TASK DETAILS:
Reproduce the whole listing that follows, character for character, and drop the images.

PROVIDED MATERIAL:
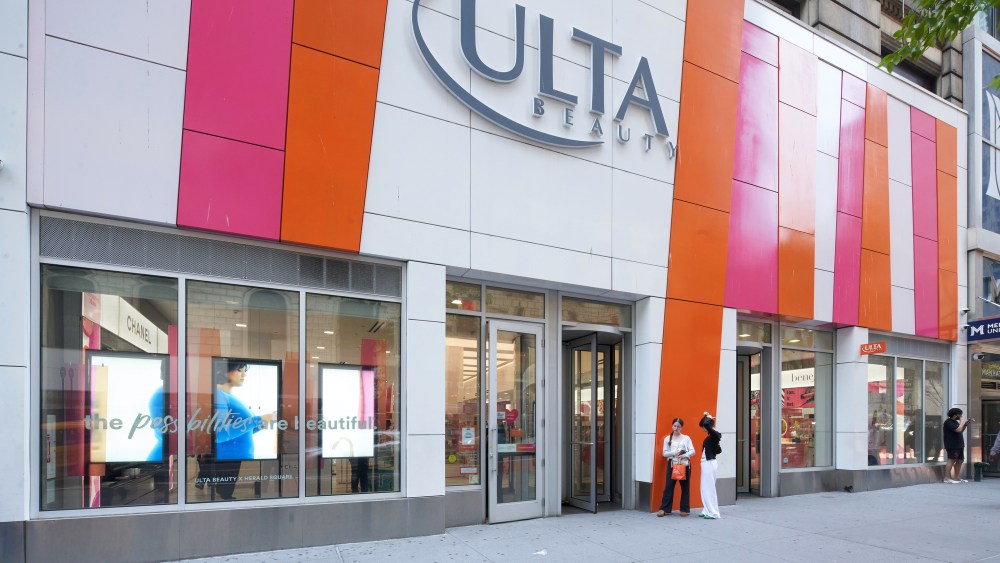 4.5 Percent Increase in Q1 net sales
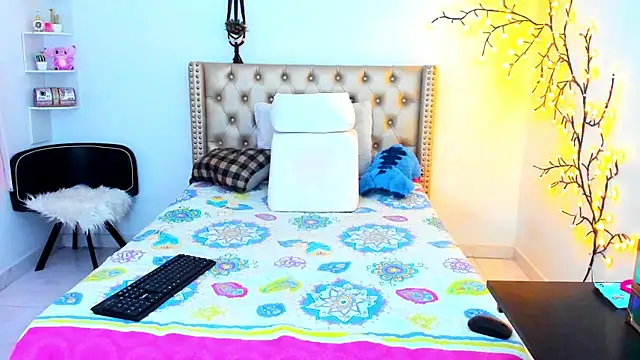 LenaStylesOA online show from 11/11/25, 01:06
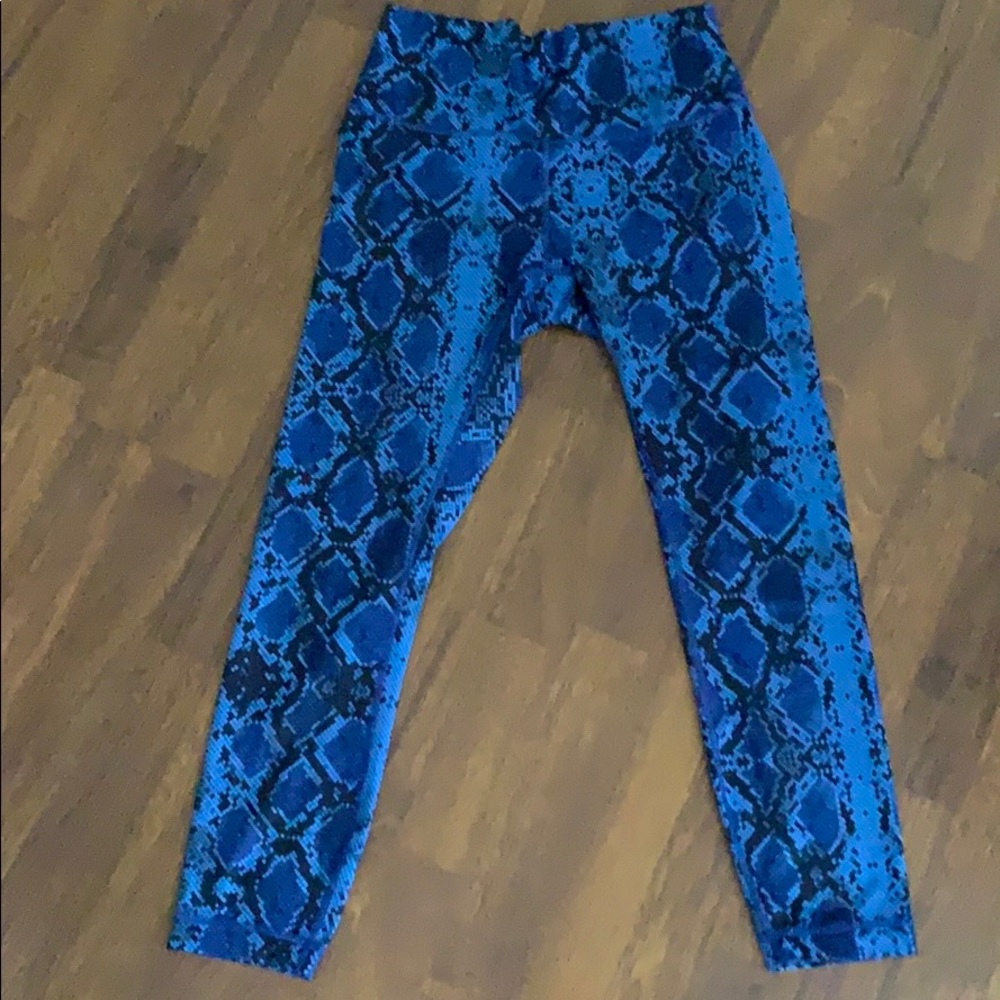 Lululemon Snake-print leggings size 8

ANSWER SPACE:
 4.5 Percent Increase in Q1 net sales
 LenaStylesOA online show from 11/11/25, 01:06
 Lululemon Snake-print leggings size 8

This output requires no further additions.